Marrakech is a shared / unisex perfume by Aesop. The scent was launched in 2005

Marrakech fragrance notes

Reviews of Marrakech

Genre: Oriental

No top notes to speak of here – Marrakech launches straight into its central accord of spices and resins, and that’s pretty much where it stays for as long as it lasts. Cardamom and clove are both prominent at Marrakech’s heart, and the tart, lemony aspect of the cardamom note is the only relief offered in what is otherwise a uniformly dense, opaque composition. The fragrance is potent, tenacious, and projects conspicuously, so you won’t need much of it to create an impression.

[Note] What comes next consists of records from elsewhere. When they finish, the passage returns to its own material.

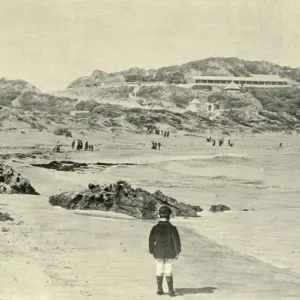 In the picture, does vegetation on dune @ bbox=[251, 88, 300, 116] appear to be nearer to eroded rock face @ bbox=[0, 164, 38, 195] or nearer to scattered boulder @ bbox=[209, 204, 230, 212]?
scattered boulder @ bbox=[209, 204, 230, 212]

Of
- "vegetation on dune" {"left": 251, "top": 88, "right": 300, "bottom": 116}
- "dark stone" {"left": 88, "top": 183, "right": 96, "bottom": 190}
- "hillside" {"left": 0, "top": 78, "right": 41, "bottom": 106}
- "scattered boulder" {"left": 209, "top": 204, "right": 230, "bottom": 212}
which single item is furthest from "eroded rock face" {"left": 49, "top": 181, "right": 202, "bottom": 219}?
"vegetation on dune" {"left": 251, "top": 88, "right": 300, "bottom": 116}

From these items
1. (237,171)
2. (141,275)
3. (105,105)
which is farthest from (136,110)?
(141,275)

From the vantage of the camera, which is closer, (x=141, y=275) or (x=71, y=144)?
(x=141, y=275)

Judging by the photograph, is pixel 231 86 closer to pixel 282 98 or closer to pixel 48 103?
pixel 282 98

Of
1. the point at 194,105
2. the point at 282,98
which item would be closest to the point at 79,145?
the point at 194,105

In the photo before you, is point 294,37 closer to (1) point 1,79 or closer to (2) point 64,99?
(2) point 64,99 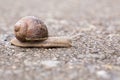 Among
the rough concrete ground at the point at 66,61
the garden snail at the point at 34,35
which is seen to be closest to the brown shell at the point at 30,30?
the garden snail at the point at 34,35

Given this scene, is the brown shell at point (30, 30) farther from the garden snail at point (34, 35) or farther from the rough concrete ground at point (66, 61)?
the rough concrete ground at point (66, 61)

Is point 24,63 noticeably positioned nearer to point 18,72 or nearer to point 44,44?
point 18,72

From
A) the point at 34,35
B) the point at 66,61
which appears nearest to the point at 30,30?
the point at 34,35

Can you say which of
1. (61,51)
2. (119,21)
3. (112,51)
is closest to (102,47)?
(112,51)

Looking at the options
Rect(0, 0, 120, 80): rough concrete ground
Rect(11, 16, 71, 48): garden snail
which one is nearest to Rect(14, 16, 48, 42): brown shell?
Rect(11, 16, 71, 48): garden snail

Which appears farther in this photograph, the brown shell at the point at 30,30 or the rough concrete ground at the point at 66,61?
the brown shell at the point at 30,30

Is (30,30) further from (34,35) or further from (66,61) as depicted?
(66,61)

Marrakech has a peculiarly archaic, even primitive air about it, a quality it shares with certain other spicy/resinous oriental scents, Diptyque’s marvelous Eau Lente and bizarre L’Autre not least among them. Marrakech is a simpler composition, much drier than the opopanax-drenched Eau Lente, and without L’Autre’s potentially disturbing animalic edge, but if you enjoy the Diptyques’ spice market fantasies, you may find Marrakech worth sampling. Me, I find it attractive, but also a might dull after extended wear.
16th July, 2014
This is a linear fragrance, redolent of clove and bay. In fact it is pretty much a modern Bay Rhum. Some cinnamon in the dry down.

As such it is pleasant but no award winner. If you want a more complex and longer lasting Bay Rhum, choose L.T. Piver's Reve d'Or lotion. A strong spicy blast that lasts all day.

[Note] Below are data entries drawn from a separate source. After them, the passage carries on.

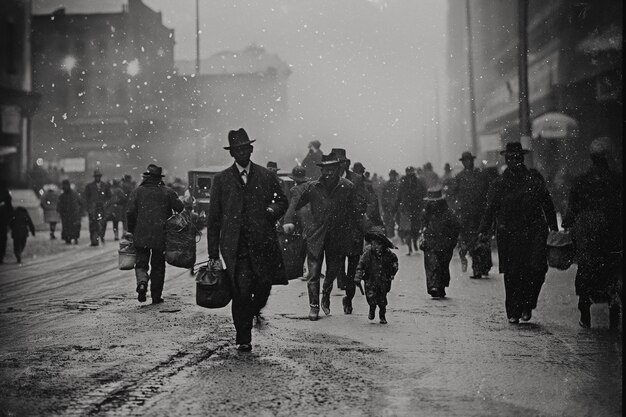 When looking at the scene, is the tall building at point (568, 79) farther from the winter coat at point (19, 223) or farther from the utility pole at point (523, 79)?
the winter coat at point (19, 223)

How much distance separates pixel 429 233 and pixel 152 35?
68.5 meters

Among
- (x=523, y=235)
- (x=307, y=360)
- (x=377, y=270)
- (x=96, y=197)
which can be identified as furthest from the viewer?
(x=96, y=197)

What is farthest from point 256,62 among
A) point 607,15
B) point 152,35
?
point 607,15

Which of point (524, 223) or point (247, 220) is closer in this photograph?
point (247, 220)

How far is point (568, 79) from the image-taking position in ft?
109

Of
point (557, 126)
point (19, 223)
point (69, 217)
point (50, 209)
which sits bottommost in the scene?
point (19, 223)

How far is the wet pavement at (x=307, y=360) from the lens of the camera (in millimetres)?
Result: 5531

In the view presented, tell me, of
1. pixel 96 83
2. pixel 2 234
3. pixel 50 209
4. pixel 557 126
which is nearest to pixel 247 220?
pixel 2 234

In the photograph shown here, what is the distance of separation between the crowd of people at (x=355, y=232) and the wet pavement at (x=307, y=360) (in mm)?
376

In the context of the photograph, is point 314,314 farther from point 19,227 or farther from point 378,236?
point 19,227

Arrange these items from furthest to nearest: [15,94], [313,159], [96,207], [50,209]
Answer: [15,94], [50,209], [96,207], [313,159]

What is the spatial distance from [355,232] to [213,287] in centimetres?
304

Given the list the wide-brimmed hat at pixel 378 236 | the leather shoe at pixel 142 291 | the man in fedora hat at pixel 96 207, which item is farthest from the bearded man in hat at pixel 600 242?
the man in fedora hat at pixel 96 207

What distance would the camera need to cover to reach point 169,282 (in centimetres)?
1384
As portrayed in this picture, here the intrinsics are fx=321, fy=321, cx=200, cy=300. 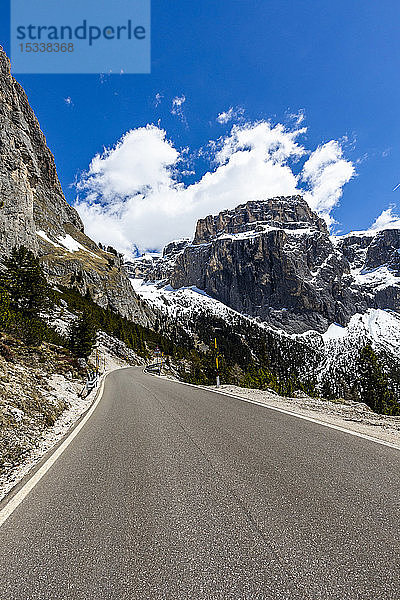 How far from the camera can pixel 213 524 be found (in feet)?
11.2

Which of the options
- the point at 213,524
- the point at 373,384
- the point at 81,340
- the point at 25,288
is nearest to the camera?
the point at 213,524

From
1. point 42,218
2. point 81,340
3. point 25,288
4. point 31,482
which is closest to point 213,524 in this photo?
point 31,482

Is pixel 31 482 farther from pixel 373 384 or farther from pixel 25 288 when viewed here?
pixel 373 384

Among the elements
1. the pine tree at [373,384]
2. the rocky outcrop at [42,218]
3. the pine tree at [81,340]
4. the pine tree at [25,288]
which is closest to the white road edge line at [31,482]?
the pine tree at [25,288]

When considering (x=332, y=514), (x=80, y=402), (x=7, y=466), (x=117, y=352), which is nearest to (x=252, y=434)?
(x=332, y=514)

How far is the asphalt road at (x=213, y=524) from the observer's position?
2512mm

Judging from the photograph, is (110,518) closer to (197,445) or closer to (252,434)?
(197,445)

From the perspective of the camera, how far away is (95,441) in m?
7.30

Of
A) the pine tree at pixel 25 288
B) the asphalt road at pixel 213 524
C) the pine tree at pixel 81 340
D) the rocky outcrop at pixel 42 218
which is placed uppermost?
the rocky outcrop at pixel 42 218

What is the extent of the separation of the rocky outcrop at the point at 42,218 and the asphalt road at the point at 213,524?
8748 cm

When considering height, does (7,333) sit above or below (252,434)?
above

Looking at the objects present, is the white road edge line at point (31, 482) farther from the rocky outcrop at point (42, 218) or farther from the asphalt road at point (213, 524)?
the rocky outcrop at point (42, 218)

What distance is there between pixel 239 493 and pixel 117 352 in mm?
64894

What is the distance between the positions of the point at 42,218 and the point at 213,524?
555ft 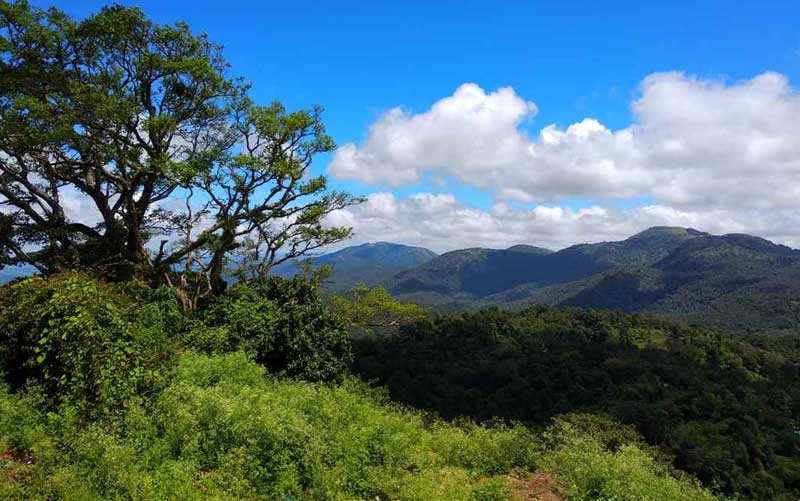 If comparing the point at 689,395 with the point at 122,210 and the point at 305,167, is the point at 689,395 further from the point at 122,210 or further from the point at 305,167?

This would be perfectly pleasant at a price not higher than $30/bottle. However, it prices itself at way beyond that modest sum, and so for me, is unaffordable. No problem though, as I'd spend $15 on Reve before I'd spend $75 on Marrakech.
18th March, 2014
The longevity is rather an issue, but while it lasts it is a genuinely intersting scent with lots of clove, freshly cracked pepper and other spices up front. Apparently it is all natural (does that explain the longevity?). In its heart it can seem almost grubby and earthy. Certainly interesting, but a bit homespun?
28th January, 2011

Marrakech is one of my favorite places, and this fragrance doesn’t really provide much of the old déjà vu. The fragrance is very smoky and spicy… Chai tea. It’s a fragrance that makes a strong statement: There’s depth and darkness and drama in the fragrance… much more darkness than the actual city has. Marrakech, the city, I experienced as bright and direct and full of life. Marrakech the fragrance seems dark, dramatic, and even a bit sinister. Even though it is replete with drama and darkness – with a smoky and spicy demeanor – it can be carried off successfully because it is in reality a rather light fragrance sillage-wise. Once the spices settle down, Marrakech is a wearable skin scent for as long as it lasts... and lasting is its major weakness: It has way too limited longevity.

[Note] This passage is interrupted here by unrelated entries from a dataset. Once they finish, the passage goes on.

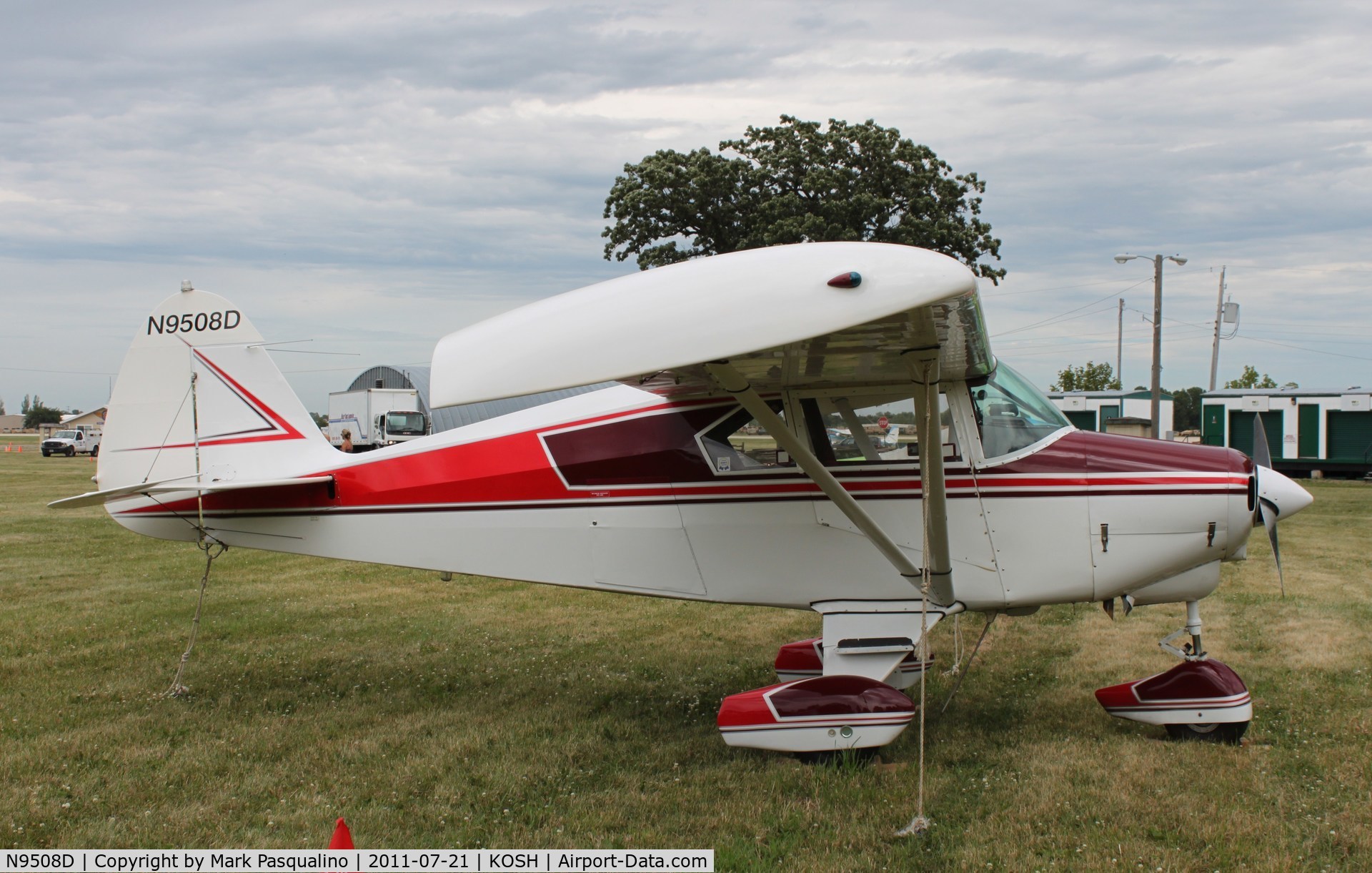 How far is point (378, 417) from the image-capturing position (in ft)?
129

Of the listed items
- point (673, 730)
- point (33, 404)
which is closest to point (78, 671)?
point (673, 730)

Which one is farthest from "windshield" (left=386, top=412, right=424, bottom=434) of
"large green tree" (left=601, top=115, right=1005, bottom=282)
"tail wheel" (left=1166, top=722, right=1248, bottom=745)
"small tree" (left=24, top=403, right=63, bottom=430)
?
"small tree" (left=24, top=403, right=63, bottom=430)

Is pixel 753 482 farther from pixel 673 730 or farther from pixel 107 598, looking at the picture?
pixel 107 598

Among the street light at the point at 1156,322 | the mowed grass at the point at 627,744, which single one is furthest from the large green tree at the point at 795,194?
the mowed grass at the point at 627,744

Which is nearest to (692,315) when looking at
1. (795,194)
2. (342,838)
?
(342,838)

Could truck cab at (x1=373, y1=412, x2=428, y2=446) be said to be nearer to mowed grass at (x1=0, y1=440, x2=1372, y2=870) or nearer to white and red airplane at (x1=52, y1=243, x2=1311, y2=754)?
mowed grass at (x1=0, y1=440, x2=1372, y2=870)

There’re possibilities with Marrakech, and its uniqueness is admirable, but I wish Trebor hadn’t mentioned that thing about fried seasoned chicken legs (in his now deleted review), because now I sometimes think that I catch a gourmand note, and I momentarily see myself as having rubbed spicy fried chicken all over my body. This is not an olfactory or visual image that I appreciate. My major complaint, though, is that, even though it is truly an interesting fragrance, it doesn't last more than an hour on my skin.